[ÉDITO DU JOUR] La poche de goorgorlu et les caisses de l’Etat
Peu s’y attendaient. Mais le réalisme a
prévalu et aura surtout motivé l’annonce du chef de l’Etat, laquelle a
mis du baume au cœur des Sénégalais fortement éprouvés par trois mois
d’état d’urgence et de couvre-feu. Et une économie presque à genoux du
fait des restrictions liées aux libertés individuelles et collectives.
Chacun
de nous a pu s’en rendre compte : les populations pour une bonne partie
avaient elles-mêmes levé l’état d’urgence et le couvre-feu dans leurs
pratiques quotidiennes. Et la décision prise par le chef de l’Etat hier
soir ne fait que conforter la position d’une bonne frange de la
population qui, en apprenant à « vivre avec le virus » depuis bientôt
deux mois, avait fini de « faire vivre le virus » dans leurs faits et
gestes quotidiens, malgré eux.

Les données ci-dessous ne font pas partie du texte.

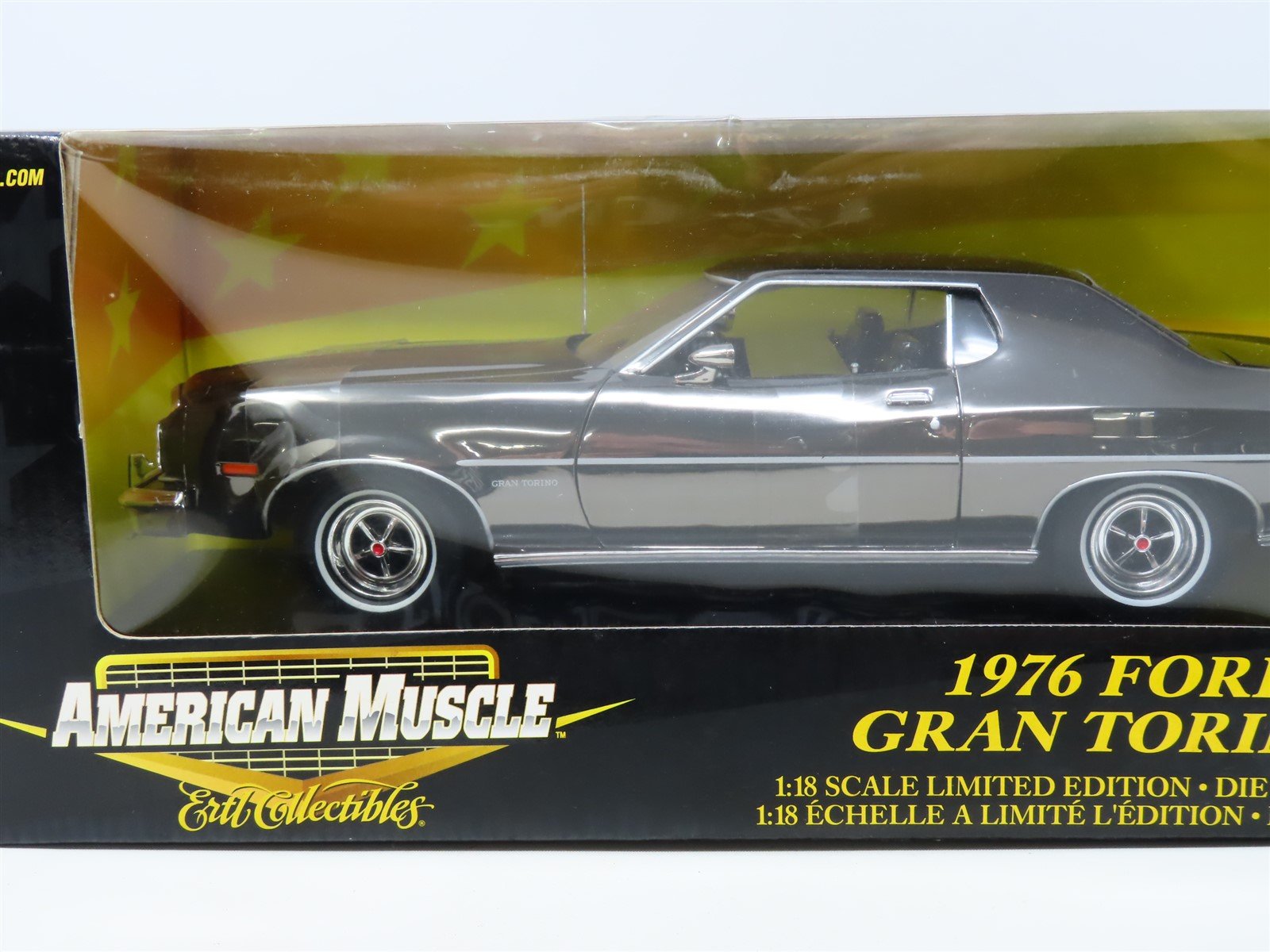 1:18 Scale ERTL American Muscle Limited Edition 36673 1976 Ford 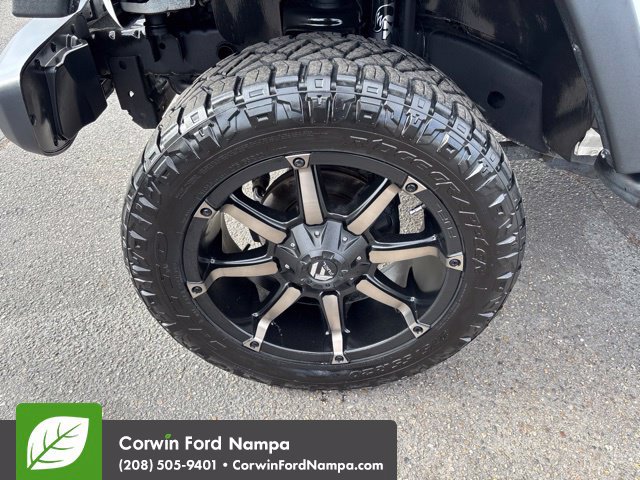 Used 2013 Jeep Wrangler Unlimited Sport AWD/4WD image 9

La lassitude était donc palpable à tous
les niveaux. Y compris chez les forces de l’ordre elles-mêmes éprouvées
par la durée d’un Etat d’exception censé freiner la propagation de la
Covid-19 au Sénégal.
En
effet, avec près de 7000 cas répertoriés depuis le 02 mars, 112 décès,
4431 guéris et 2249 patients sous traitement, le Sénégal est resté dans
un état stationnaire qui, bien que préoccupant, ne justifiait pas un «
reconfinement » de sa population. Pas du tout malgré certaines voix
autorisées, dont des religieux qui ont cherché à mettre la pression à
l’Etat en vue de renouveler voire de durcir les mesures d’exception
devenues impopulaires. Notre pays ne pouvait se permettre le luxe de
s’inscrire dans l’immobilisme ou d’adopter une position attentiste le
temps que « corona » fasse sa toilette mortuaire. « Apprendre à vivre
avec le virus » tout en privilégiant les gestes barrières
indispensables, est devenu le mot d’ordre en vigueur dans pratiquement
tous les pays du monde et le Sénégal ne fait pas exception. Par
conséquent, après la réouverture des marchés et des lieux de culte, des
écoles pour les classes d’examen et du transport interurbain, la suite
logique allait dans le sens d’un déconfinement presque total. D’où les
nouvelles mesures consistant à lever l’Etat d’urgence et le couvre-feu
qui commençaient à sortir du cadre légal, avec le risque de plonger le
gouvernement dans l’impopularité.
Revoilà
donc les Sénégalais de retour à une vie (presque) normale, ce qui passe
chez certains comme un relâchement voire une capitulation de l’Etat.
L’heure est donc à la responsabilité. Est-il le lieu de rappeler qu’un
reconfinement du pays, avec une prorogation de l’Etat d’urgence et du
couvre-feu, ralentirait-il la propagation du virus sur le territoire,
aurait surtout le mérite d’accentuer les inégalités et donc la pauvreté
sans mentionner le risque de mettre à rude épreuve l’autorité de
l’Etat.
Malgré
le risque d’enlisement de la crise sanitaire corrélée à une crise
économique aux dégâts multiples et incalculables, il a fallu faire un
choix. Un choix réaliste et urgent : libérer l’économie et ses acteurs
en mettant en avant la poche de goorgorlu et les caisses de l’Etat.